Task description
Retype the whole listing verbatim and keep the pictures out of it.

Data section
^^^^^^^^^^^^^^^^

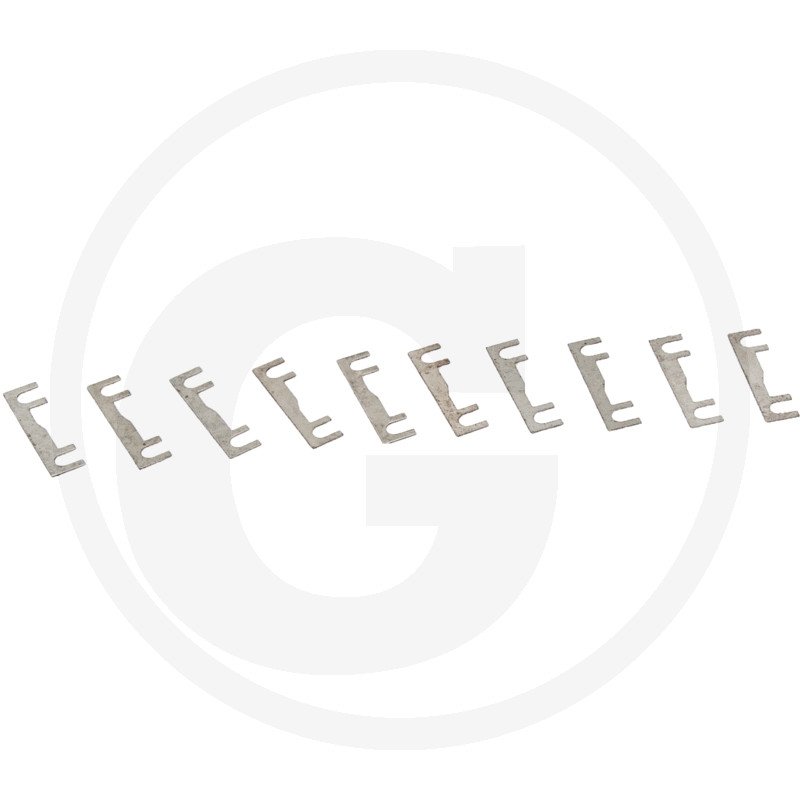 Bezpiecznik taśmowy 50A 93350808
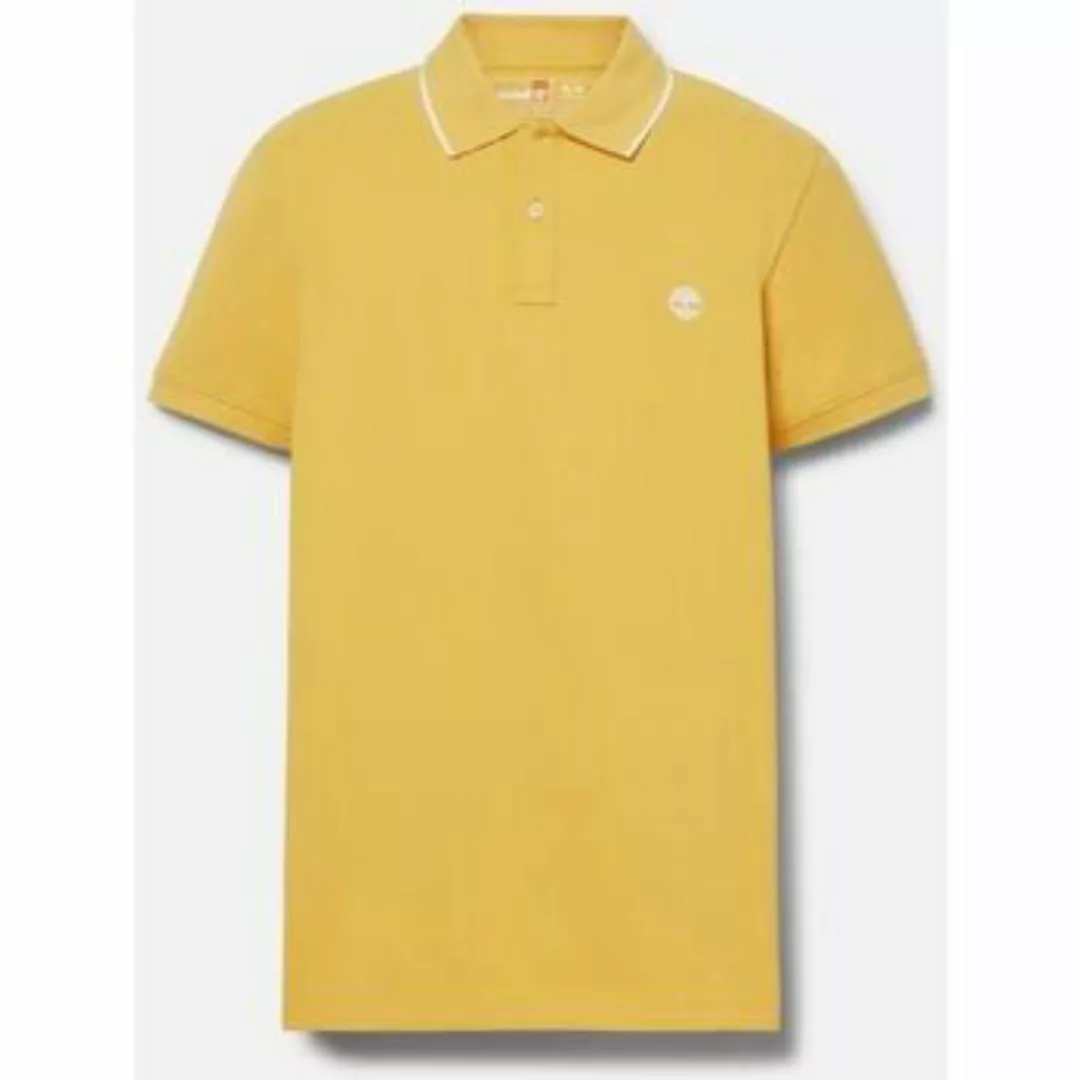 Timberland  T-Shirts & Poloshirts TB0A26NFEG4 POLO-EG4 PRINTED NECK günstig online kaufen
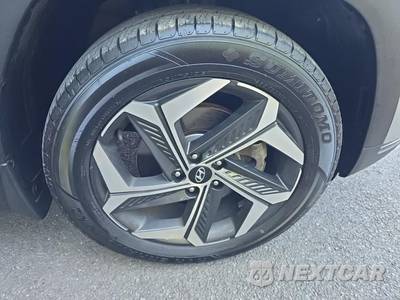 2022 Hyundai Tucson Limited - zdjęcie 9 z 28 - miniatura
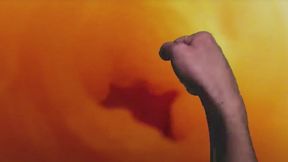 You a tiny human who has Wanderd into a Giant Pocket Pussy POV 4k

^^^^^^^^^^^^^^^^

Task response
 Bezpiecznik taśmowy 50A 93350808
 Timberland  T-Shirts & Poloshirts TB0A26NFEG4 POLO-EG4 PRINTED NECK günstig online kaufen
 2022 Hyundai Tucson Limited - zdjęcie 9 z 28 - miniatura
 You a tiny human who has Wanderd into a Giant Pocket Pussy POV 4k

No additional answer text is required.